*Provided data*:
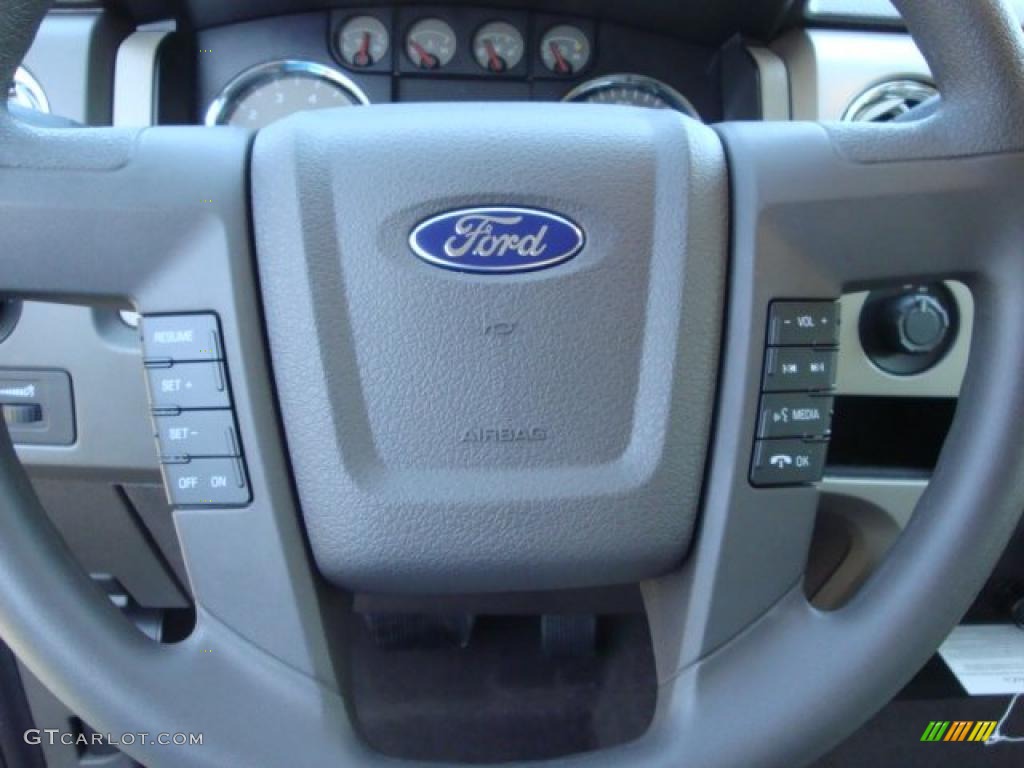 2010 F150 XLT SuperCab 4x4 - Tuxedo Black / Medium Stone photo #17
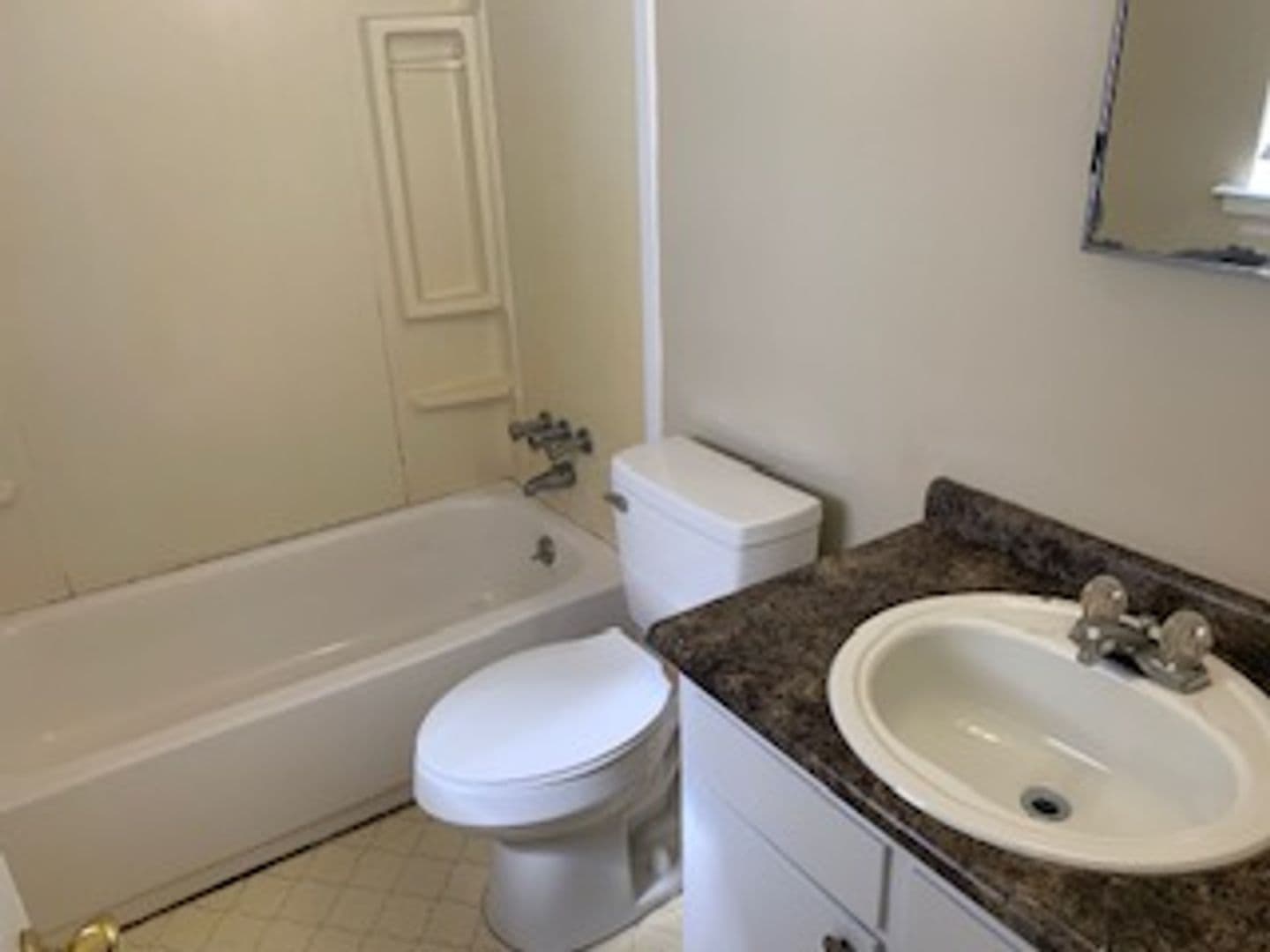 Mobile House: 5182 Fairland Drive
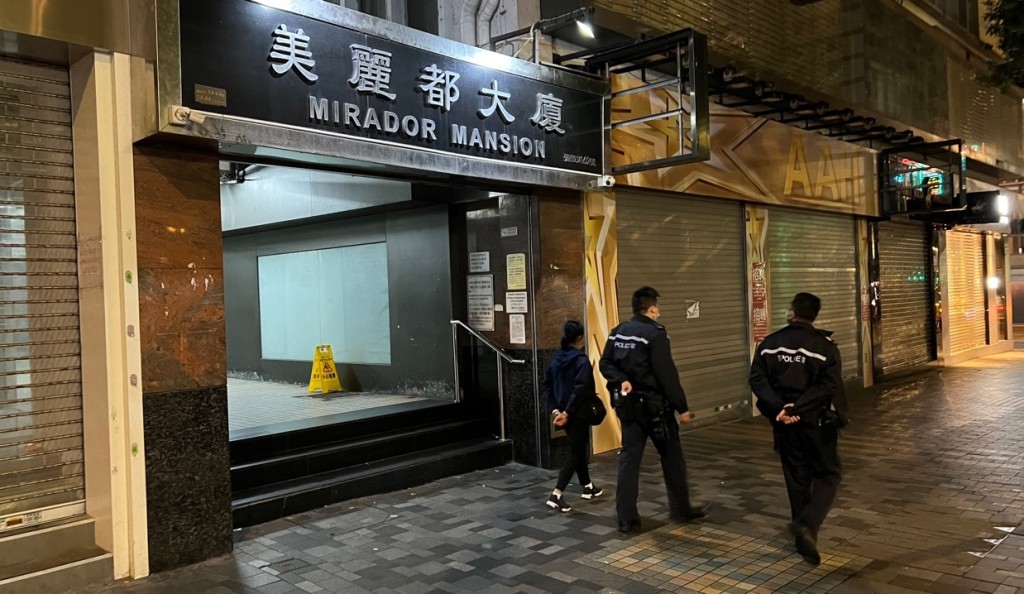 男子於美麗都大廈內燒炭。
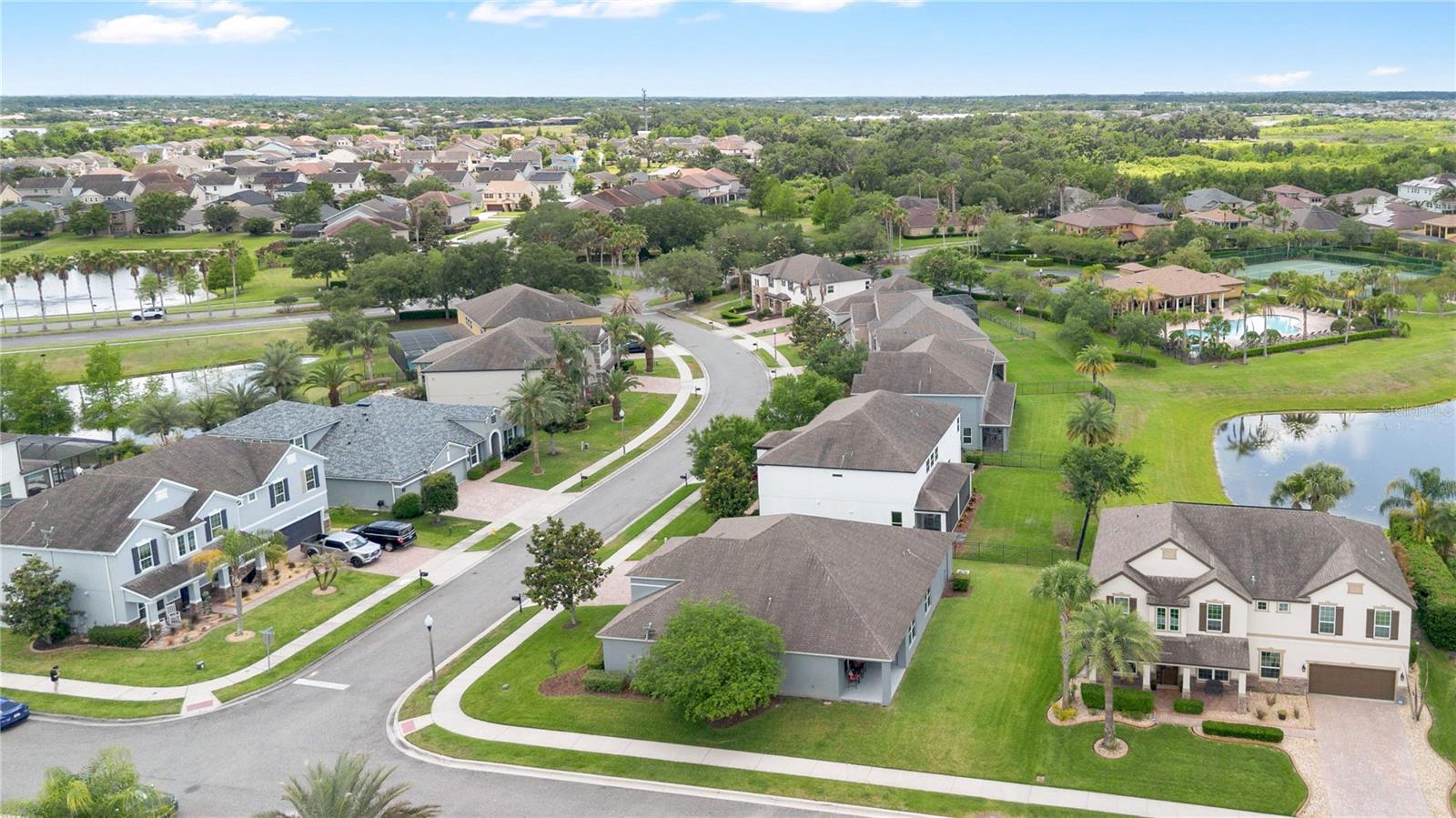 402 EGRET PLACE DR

*Assigned task*:
When you output the listing, reproduce it exactly but drop its pictures.

*Expected answer*:
 2010 F150 XLT SuperCab 4x4 - Tuxedo Black / Medium Stone photo #17
 Mobile House: 5182 Fairland Drive
 男子於美麗都大廈內燒炭。
 402 EGRET PLACE DR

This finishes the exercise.